Suu Kyi’s house arrest was due to expire on May 27.

In Washington, Hillary Clinton, the US secretary of state, called the new charges “baseless” and said she would raise the issue with China and other Southeast Asian countries.

“We call on the Burmese authorities to release her immediately and unconditionally along with her doctor and the more than 2,100 political prisoners currently being held,” she said.

Singapore’s government has said it is dismayed by the charges against Suu
Kyi, while Anifah Aman, Malaysia’s foreign minister, called for a “process of
engagement” by outside countries.

Suu Kyi’s trial is expected to start on May 18.

‘Cunning and crooked’

The 63-year-old has so far been detained without trial for more than 13 of the last 20 years, with the military refusing to recognise her National League for Democracy (NLD) party’s landslide victory in the country’s last elections in 1990.
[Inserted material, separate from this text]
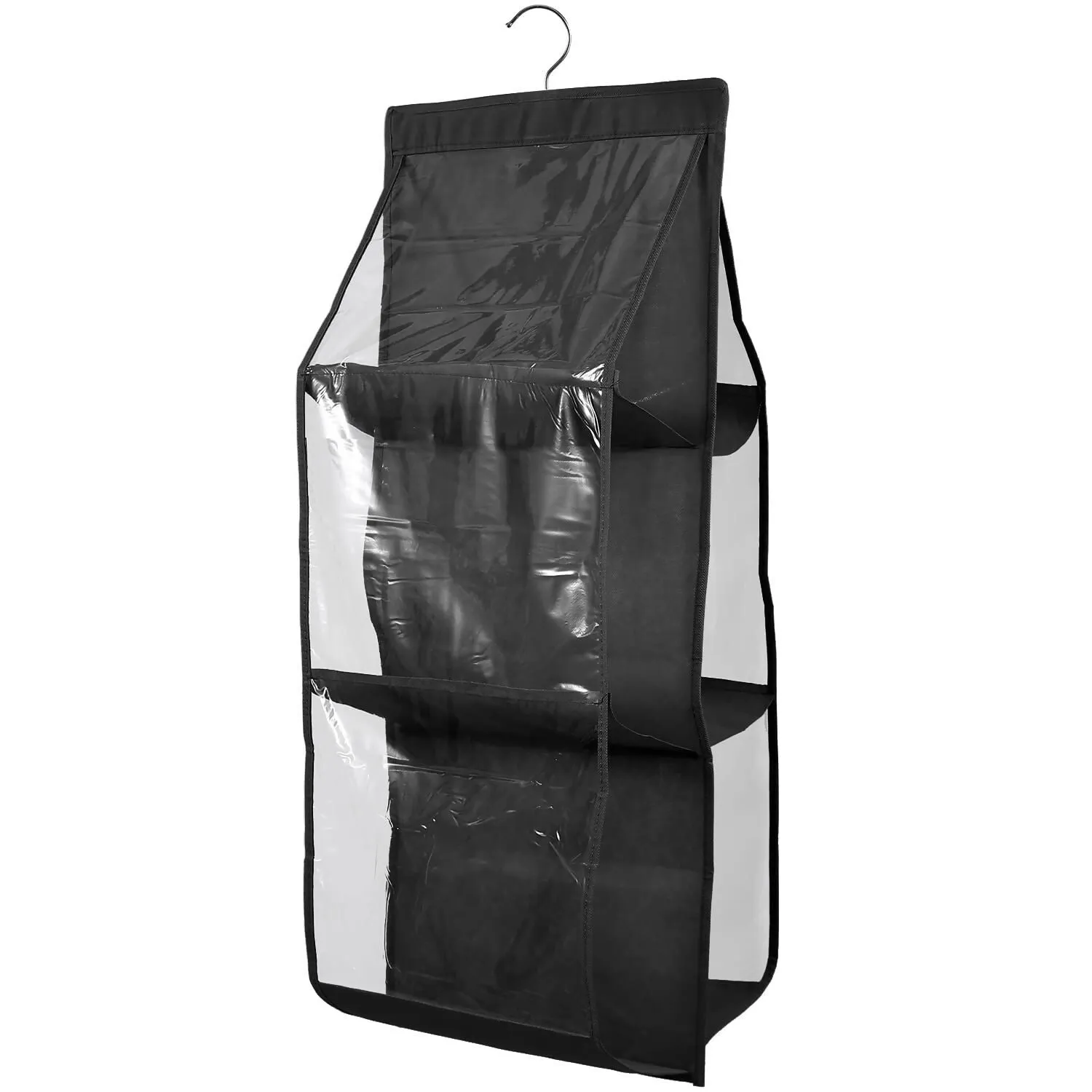 Non-Woven 6-Pocket Foldable Hanging Purse Organizer (Multi Colors, Pack Of 2)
Zin Linn, the director of the National Coalition Government of the Union of Burma, a pro-democracy group that supports Suu Kyi, told Al Jazeera that there was an “ulterior” motive to the trial.
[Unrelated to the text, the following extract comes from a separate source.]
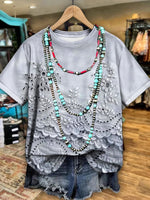 Vintage Floral Print Casual T-shirt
“They are finding fault with her to extend her detention because they didn’t allow her to participate in the election, that is their main intention,” he said, calling the military’s move “very cunning and crooked”.

“She was under house arrest. Any security measure was taken by the authorities, so whoever [enters] into the compound of a resident, the responsibility is upon the authorities, not upon her,” he said.

The military government has in the past found various reasons to extend her periods of house arrest.

‘Publicity stunt’

John William Yettaw, the American at the heart of the new charges is alleged to have swum across Inya Lake using a pair of home-made flippers and spent two days in Suu Kyi’s home.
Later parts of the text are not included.